Transcribe only the part of the material below that begins at the line containing "Fenner caricabatterie universale" and ends at the line containing "Kronos Dolap Tek", with both kept and images left out.

> WORKING DATA:
────────────────────────────────────────

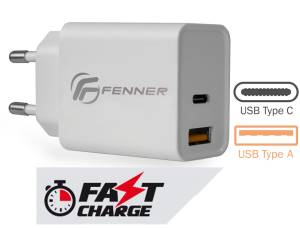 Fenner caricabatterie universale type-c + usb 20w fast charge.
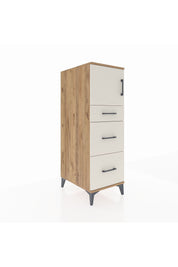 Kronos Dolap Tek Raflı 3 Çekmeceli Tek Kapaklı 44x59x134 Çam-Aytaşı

────────────────────────────────────────

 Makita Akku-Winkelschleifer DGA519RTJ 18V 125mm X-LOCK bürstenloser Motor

────────────────────────────────────────

> RESULT FOR THIS EXERCISE:
 Fenner caricabatterie universale type-c + usb 20w fast charge.
 Kronos Dolap Tek Raflı 3 Çekmeceli Tek Kapaklı 44x59x134 Çam-Aytaşı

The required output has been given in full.